§ Try it
With pictures left out, set down every record word for word.

§ Data under study
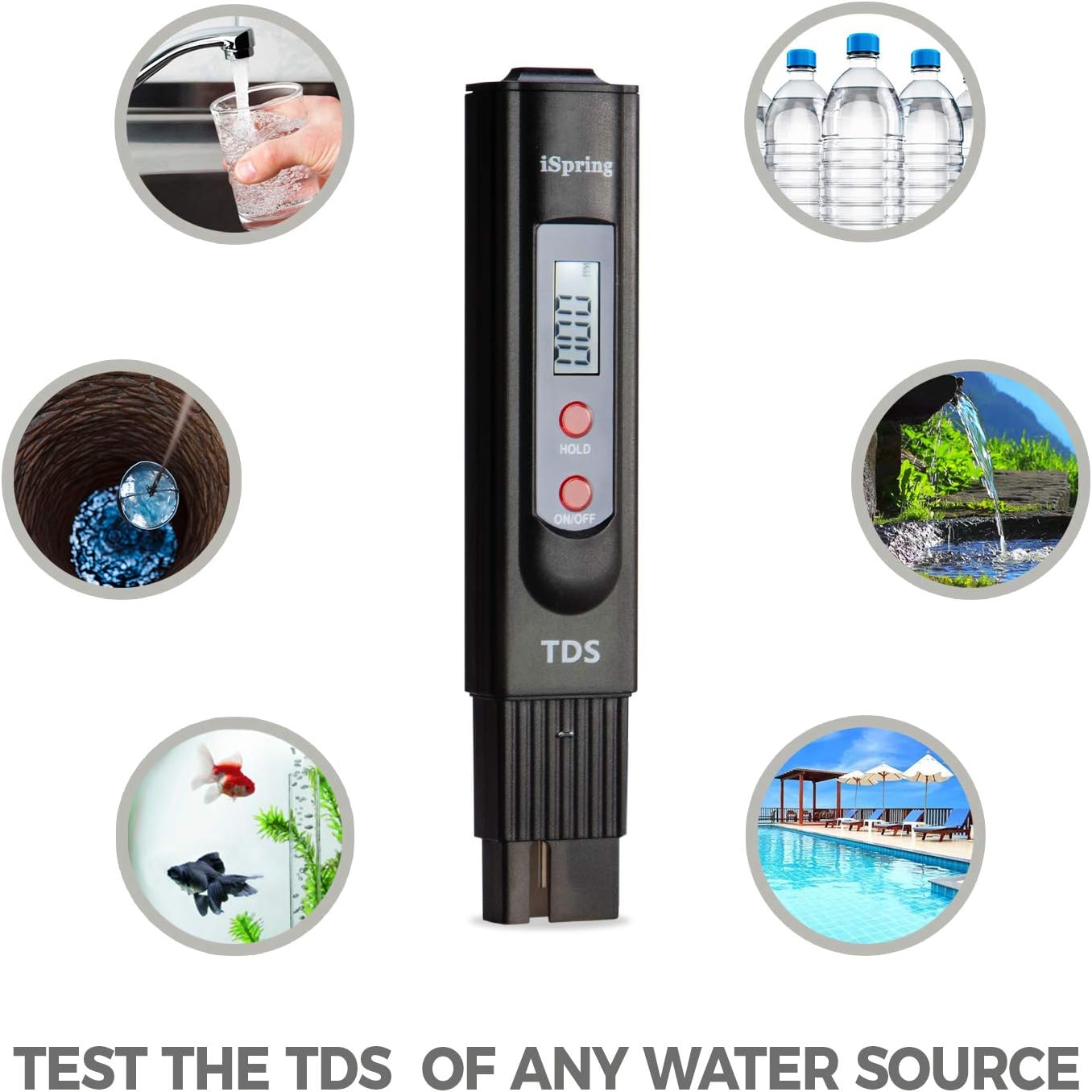 Diagram showing various applications for the iSpring TDS2 meter, including testing drinking water, bottled water, well water, aquarium water, and pool water.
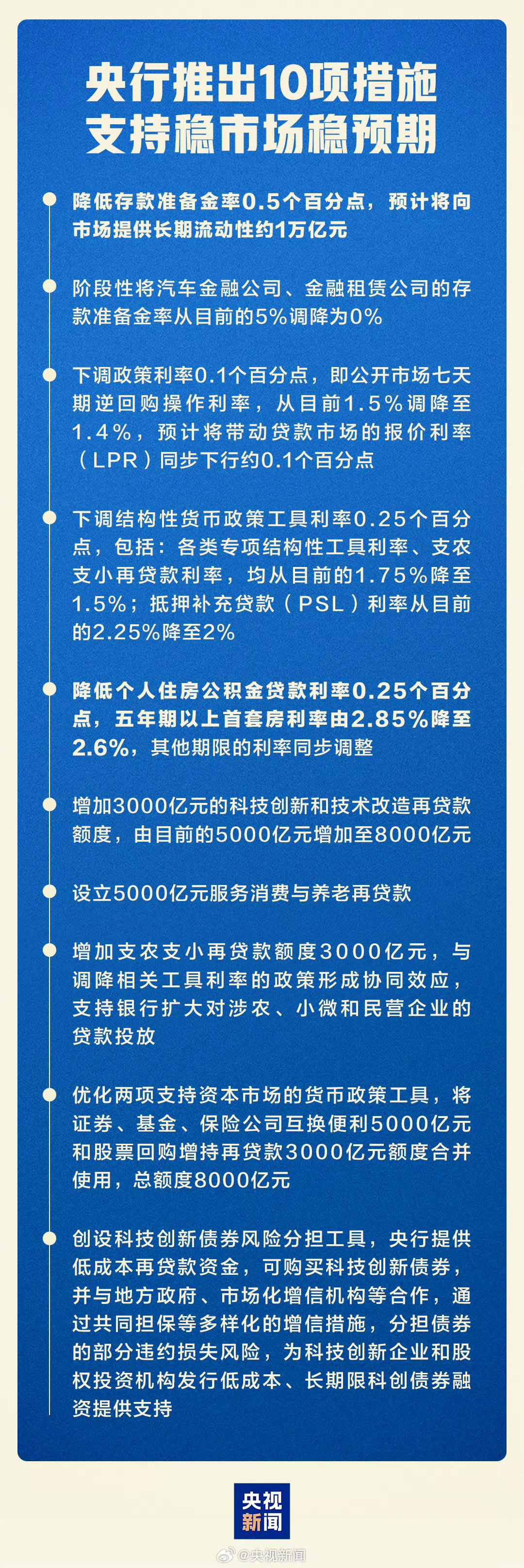 央行：把促进物价合理回升作为把握货币政策的重要考量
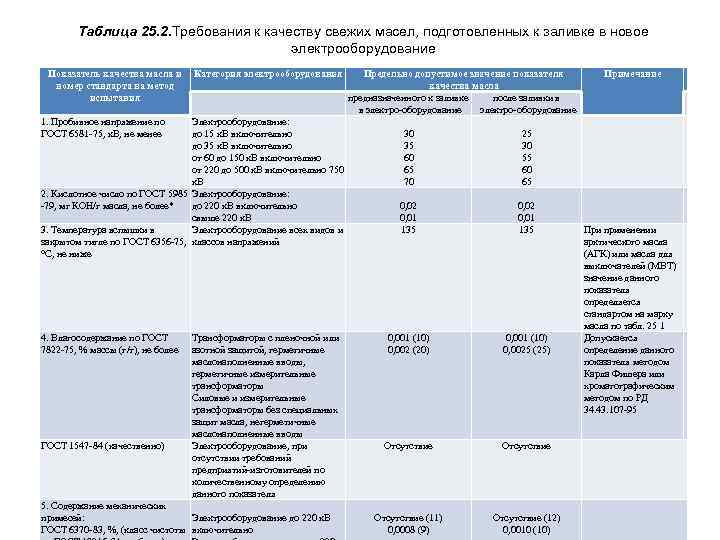 Эксплуатация трансформаторного масла презентация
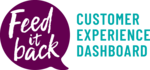 Logo of Feed It Back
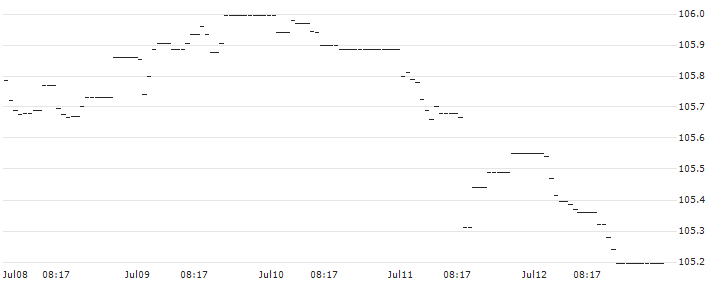 JPMorgan ETFs (Ireland) ICAV - USD Ultra-Short Income UCITS ETF - Acc - USD(JPPA) : Historical Chart (5-day)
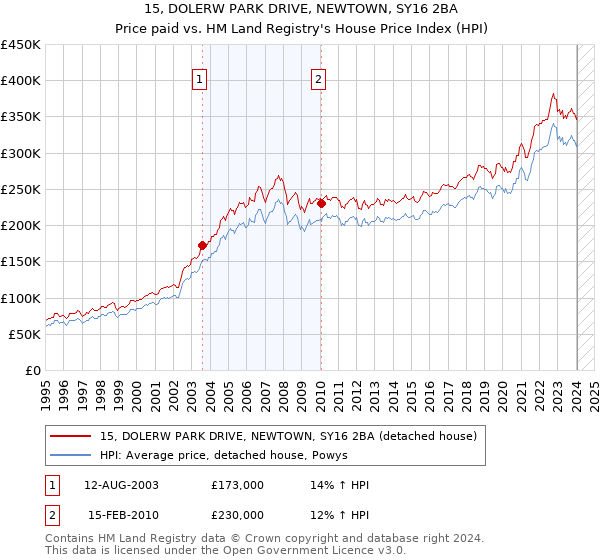 15, DOLERW PARK DRIVE, NEWTOWN, SY16 2BA: Price paid vs HM Land Registry's House Price Index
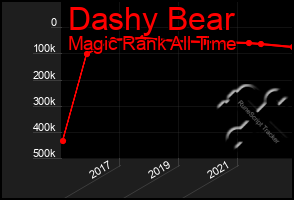 Total Graph of Dashy Bear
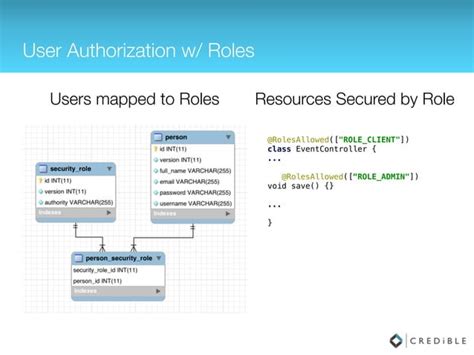 Image result for Master Data Synchronization Design Patterns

§ Output
 Diagram showing various applications for the iSpring TDS2 meter, including testing drinking water, bottled water, well water, aquarium water, and pool water.
 央行：把促进物价合理回升作为把握货币政策的重要考量
 Эксплуатация трансформаторного масла презентация
 Logo of Feed It Back
 JPMorgan ETFs (Ireland) ICAV - USD Ultra-Short Income UCITS ETF - Acc - USD(JPPA) : Historical Chart (5-day)
 15, DOLERW PARK DRIVE, NEWTOWN, SY16 2BA: Price paid vs HM Land Registry's House Price Index
 Total Graph of Dashy Bear
 Image result for Master Data Synchronization Design Patterns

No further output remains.